As per the final Random Forest model which we had more accuracy when applied cross-validation. This small improvement if you consider the greater picture. This will greatly help Sparkify to more accurately predict churn and direct offers to more appropriate individuals and would save a lot of money for Sparkify.

Model Tuning and Improve Performance

As we see GradientBoostedTree is performing best compared to LogisticRegression, RandomForest, and DecisionTree but it took a much longer time than them. For, Logistic Regression the training time is significantly huge as well. Decision Tree without any parameters outperformed RandomForestClassifier.

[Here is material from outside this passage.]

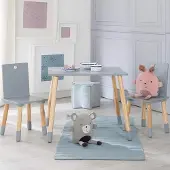OEM Kinderzitgroep, 2-Sitzer-Schreibtisch-Set, grau lackiert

cross-validation over a grid of parameters is expensive and took much time in my case about 15 minutes, the parameter grid has 2 values for numTrees and 4 values for maxDepth of Random forest, and CrossValidator uses 4 folds.

This multiplies out to (2×4)×4=32 different models being trained. In other words, using CrossValidator can be very expensive. . However it is a good way to decide parameters which is more effective and heuristic in your model

I will use Random Forest Tree to perform cross-validation

there was a little bit increasing of accuracy.

Conclusion

We are able to achieve an accuracy score of 52% with random forest and 60 for Gradient Boosted Tree and after applied cross-validation, the accuracy increased by almost 3%

Gradient Boosted Tree can be applied on a large dataset because it took much time while the random forest is faster

I used many machine learning models to find the best of them, I found the Random Forest is the most efficient model out of all.

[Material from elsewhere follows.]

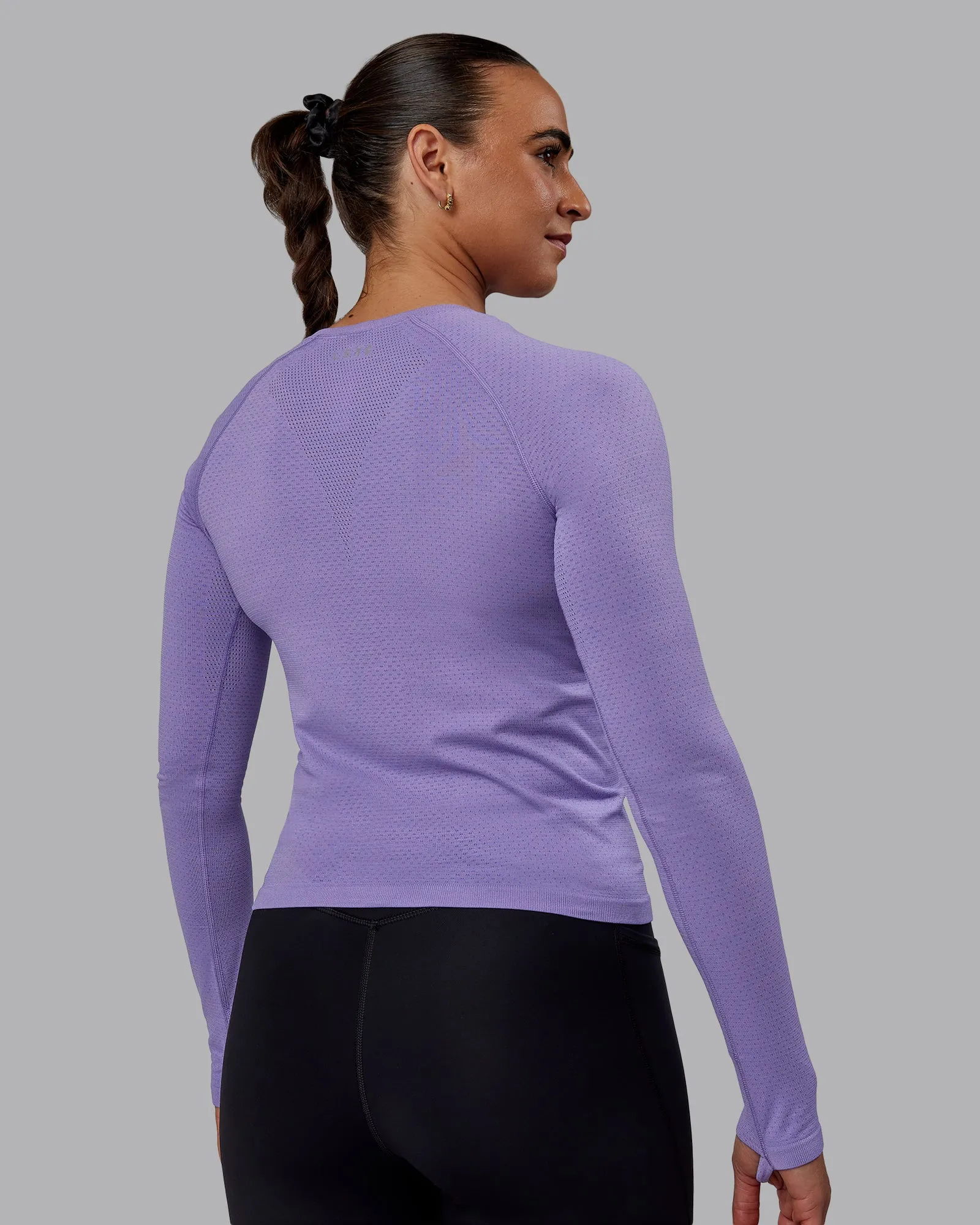 AeroFLX+ Seamless Long Sleeve Tee - Dahlia Purple Marl sold by LSKD product image thumbnail 3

one of the problems I met the accuracy is very low I tried much time to increase it

we may if future use deep learning methods to improve our accuracy

Repo :

https://github.com/AhmadAbdElhameed/Data-Scientist-Nanodegree/tree/main/sparkify%20capstone%20project

Reflection for future improvement

it's great for large datasets where you can run out of memory, but very time-consuming when you are running through the processing steps every time.

we can use in future deep learning methods it may give us a better result

There is potential to improve the model and add a lot more features from the activity log data provided.